About twenty of us get off at Kona Airport, on the big island of Hawaii. The other hundred or so folks on the plane boarded in Maui and are bound back to Seattle. I don’t envy them the long, dark flight ahead of them. The stewardesses who accompanied us over on the first five hours of the flight all switched over to other flights in Maui, so the new crew is looking fresh and remarkably unbleary-eyed compared to those of us staggering off the plane. We’re all shedding layers as we do – we’ve gone through a major climate change over the course of the day. The smart ones have dressed in layers – skirts or shorts with long sleeved top layers that will see you through the flight but can be peeled off like onion skin upon reaching Hawaii. By the time we get to baggage claim, we’re seeing much more skin than we did before.

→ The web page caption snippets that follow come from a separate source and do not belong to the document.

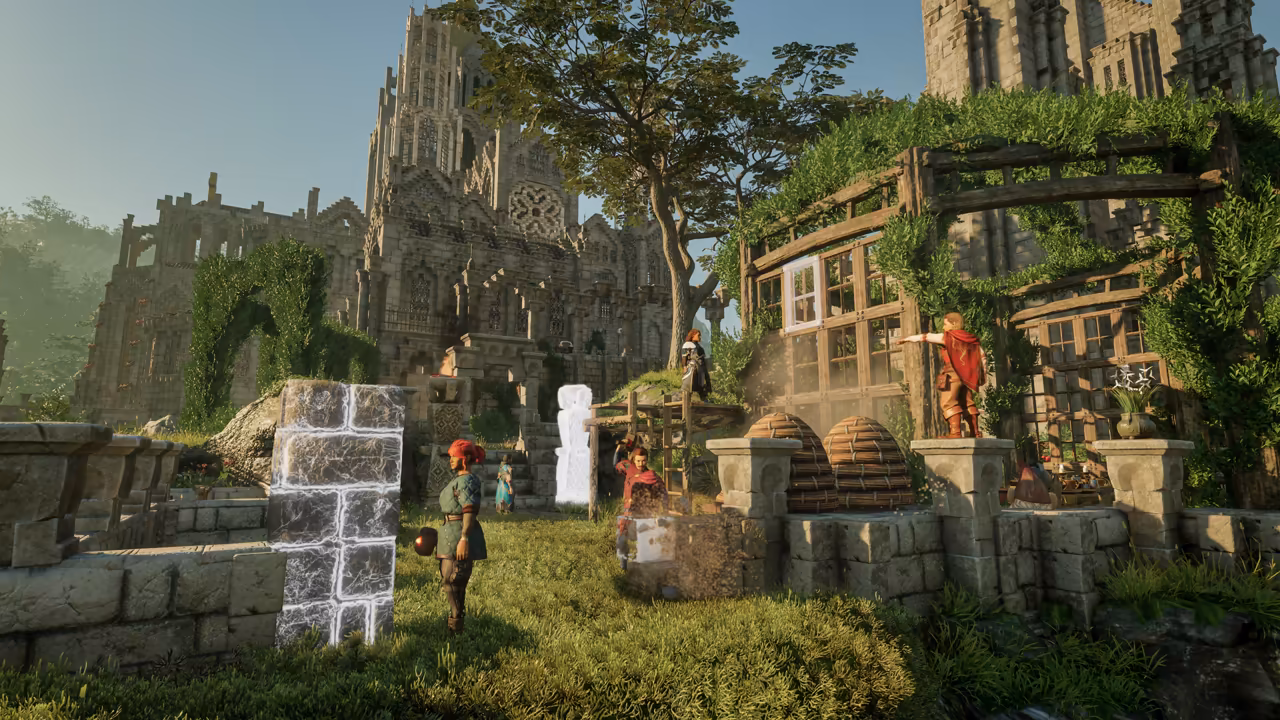 Sunlit ruins of a towering gothic cathedral with a rose window and spires fill the background. In the courtyard below, people in simple clothes stand and work on the grass among low stone walls, two straw beehives and a wooden greenhouse overgrown with vines. Two tall columns of stone blocks at left and center glow with white outlines, as if being placed. No game interface is shown.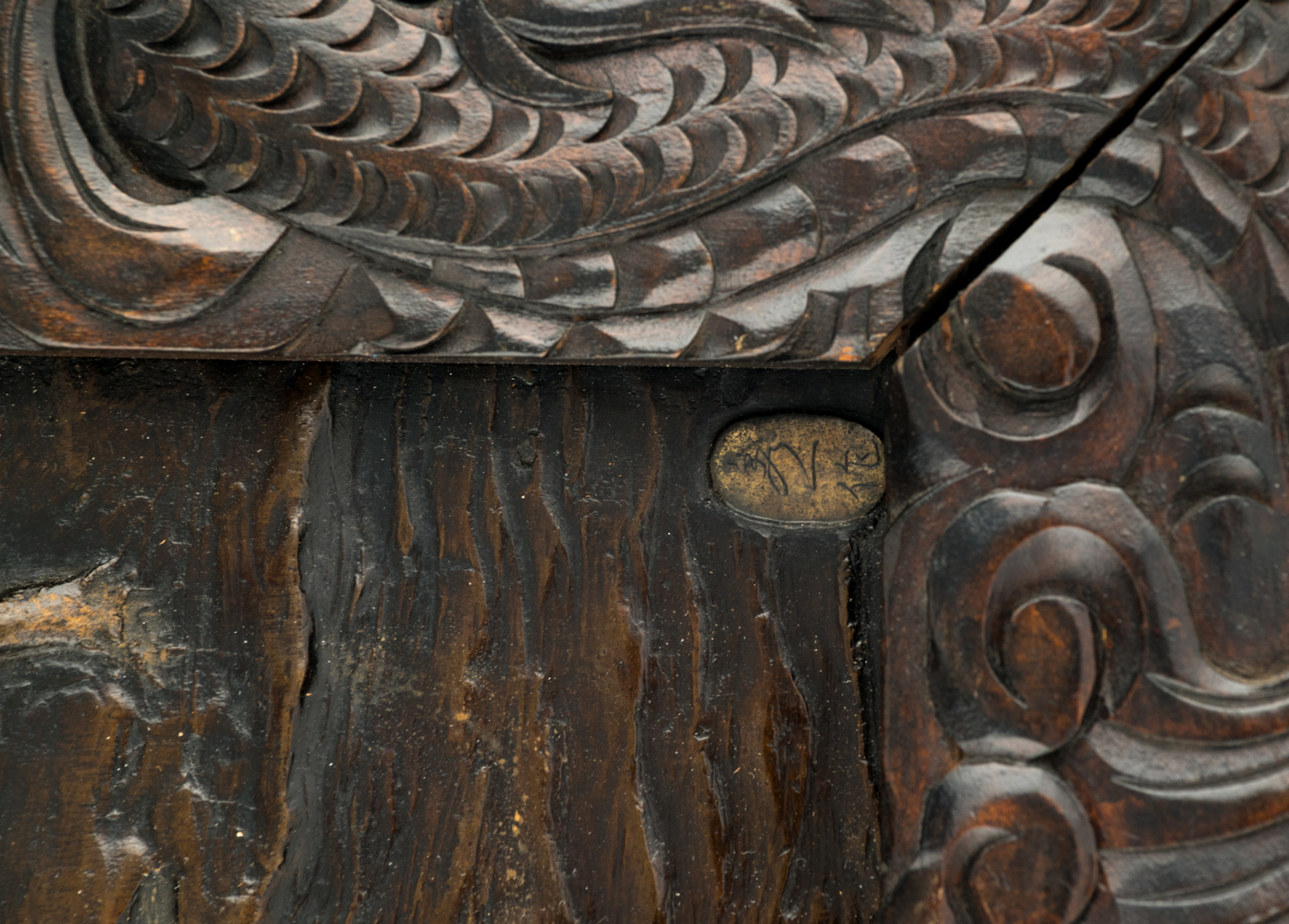 A Japanese alto relievo patinated bronze plaque, depicting fishermen with mount Fuji on the - Image 3 of 3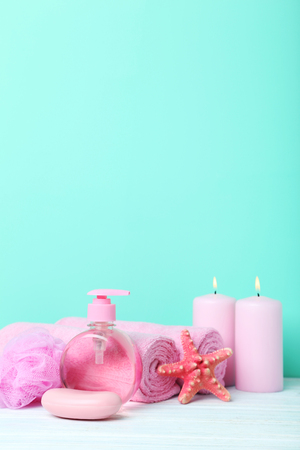 Pink towels with soap and wisp on green backgroundの写真素材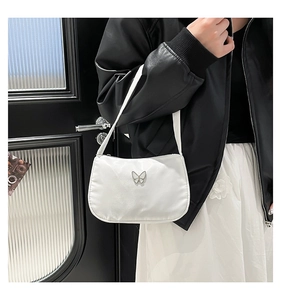 Detail of white nylon underarm bag with a silver butterfly metal buckle on the strap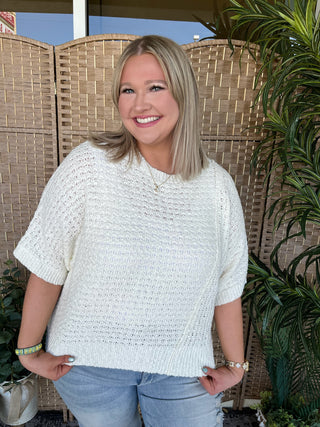 Cream knit sweater with textured weave pattern and short sleeves, loose asymmetrical fit.
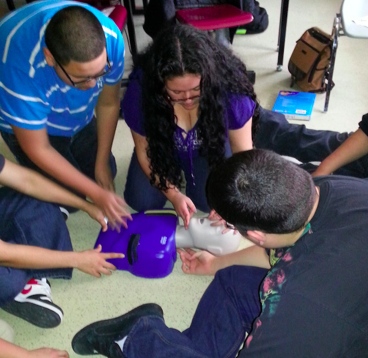 Students preparing to administer mouth-to-mouth breathing
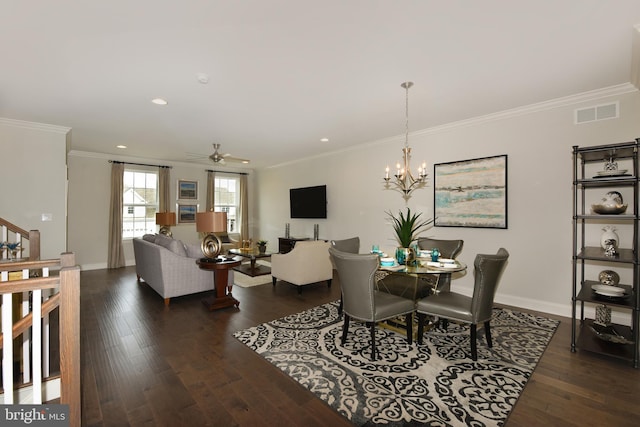 dining space featuring dark hardwood / wood-style flooring, ceiling fan with notable chandelier, and ornamental molding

Brett buys me a lei, because he didn’t last time we were here and regretted it – I pick out a lovely white-and-yellow plumeria rope, simple and elegant, and – boy! – fragrant as anything. It perfumes the whole cab on the way to the house we’re staying at. I wish it would last forever - plumeria, or frangipani, is the most gorgeous flower, all creamy white with a center that sort of redefines what the word yellow means, as if previously it had been a rather dimly held concept that only now starts to have meaning. It can't survive in our Seattle climate, so I'm doubly glad to see it again after a nine month break from our last trip.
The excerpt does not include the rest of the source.